- _Exercise aim_:
After locating the line that holds "Stiu Edge Velcro Strap Sandal_Silver", transcribe it and each following line to the end of the records, changing nothing and adding nothing.

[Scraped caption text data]
================
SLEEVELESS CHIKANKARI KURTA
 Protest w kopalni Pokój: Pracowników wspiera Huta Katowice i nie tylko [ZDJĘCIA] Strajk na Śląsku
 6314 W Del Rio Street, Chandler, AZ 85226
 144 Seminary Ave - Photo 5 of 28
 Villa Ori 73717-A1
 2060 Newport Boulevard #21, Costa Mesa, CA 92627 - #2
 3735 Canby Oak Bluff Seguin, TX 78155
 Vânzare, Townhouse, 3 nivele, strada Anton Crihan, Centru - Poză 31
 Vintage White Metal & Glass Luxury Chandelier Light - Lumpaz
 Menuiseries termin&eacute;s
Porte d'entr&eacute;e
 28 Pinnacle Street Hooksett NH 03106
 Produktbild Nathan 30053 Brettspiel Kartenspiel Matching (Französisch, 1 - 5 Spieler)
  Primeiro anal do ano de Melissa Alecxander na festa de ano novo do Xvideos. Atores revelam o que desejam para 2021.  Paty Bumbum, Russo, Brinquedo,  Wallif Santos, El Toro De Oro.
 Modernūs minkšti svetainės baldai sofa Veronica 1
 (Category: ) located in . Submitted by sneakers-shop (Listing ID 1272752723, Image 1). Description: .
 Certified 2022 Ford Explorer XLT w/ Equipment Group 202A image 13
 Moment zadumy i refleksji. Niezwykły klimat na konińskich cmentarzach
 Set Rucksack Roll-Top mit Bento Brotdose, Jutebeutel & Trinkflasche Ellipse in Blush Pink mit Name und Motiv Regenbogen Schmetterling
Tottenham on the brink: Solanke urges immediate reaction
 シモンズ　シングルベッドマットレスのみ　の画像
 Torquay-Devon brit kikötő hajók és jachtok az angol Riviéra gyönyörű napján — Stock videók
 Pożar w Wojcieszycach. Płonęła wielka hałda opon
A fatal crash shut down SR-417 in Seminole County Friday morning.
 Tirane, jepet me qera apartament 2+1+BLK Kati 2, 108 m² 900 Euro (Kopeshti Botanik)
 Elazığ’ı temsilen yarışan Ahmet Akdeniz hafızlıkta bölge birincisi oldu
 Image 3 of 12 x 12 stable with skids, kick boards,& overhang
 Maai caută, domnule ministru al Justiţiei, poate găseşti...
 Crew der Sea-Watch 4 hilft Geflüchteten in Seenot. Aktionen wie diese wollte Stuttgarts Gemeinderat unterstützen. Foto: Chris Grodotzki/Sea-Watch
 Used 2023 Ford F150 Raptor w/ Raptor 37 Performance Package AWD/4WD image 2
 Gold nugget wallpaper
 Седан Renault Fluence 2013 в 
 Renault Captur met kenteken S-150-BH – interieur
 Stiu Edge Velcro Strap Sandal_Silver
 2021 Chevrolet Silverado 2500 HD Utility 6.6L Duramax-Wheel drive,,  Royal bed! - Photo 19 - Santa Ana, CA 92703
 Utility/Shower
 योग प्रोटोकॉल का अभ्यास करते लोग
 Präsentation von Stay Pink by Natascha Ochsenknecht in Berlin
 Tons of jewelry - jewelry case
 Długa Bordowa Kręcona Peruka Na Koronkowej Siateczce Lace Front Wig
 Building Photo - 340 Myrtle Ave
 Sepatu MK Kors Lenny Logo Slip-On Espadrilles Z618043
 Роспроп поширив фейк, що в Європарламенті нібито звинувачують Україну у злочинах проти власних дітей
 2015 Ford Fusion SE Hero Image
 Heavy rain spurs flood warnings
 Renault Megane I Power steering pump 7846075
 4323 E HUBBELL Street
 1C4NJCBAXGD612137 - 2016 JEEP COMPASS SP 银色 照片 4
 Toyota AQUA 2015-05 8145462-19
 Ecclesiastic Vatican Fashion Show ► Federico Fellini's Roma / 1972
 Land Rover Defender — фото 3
================
- _Response for this exercise_:
 Stiu Edge Velcro Strap Sandal_Silver
 2021 Chevrolet Silverado 2500 HD Utility 6.6L Duramax-Wheel drive,,  Royal bed! - Photo 19 - Santa Ana, CA 92703
 Utility/Shower
 योग प्रोटोकॉल का अभ्यास करते लोग
 Präsentation von Stay Pink by Natascha Ochsenknecht in Berlin
 Tons of jewelry - jewelry case
 Długa Bordowa Kręcona Peruka Na Koronkowej Siateczce Lace Front Wig
 Building Photo - 340 Myrtle Ave
 Sepatu MK Kors Lenny Logo Slip-On Espadrilles Z618043
 Роспроп поширив фейк, що в Європарламенті нібито звинувачують Україну у злочинах проти власних дітей
 2015 Ford Fusion SE Hero Image
 Heavy rain spurs flood warnings
 Renault Megane I Power steering pump 7846075
 4323 E HUBBELL Street
 1C4NJCBAXGD612137 - 2016 JEEP COMPASS SP 银色 照片 4
 Toyota AQUA 2015-05 8145462-19
 Ecclesiastic Vatican Fashion Show ► Federico Fellini's Roma / 1972
 Land Rover Defender — фото 3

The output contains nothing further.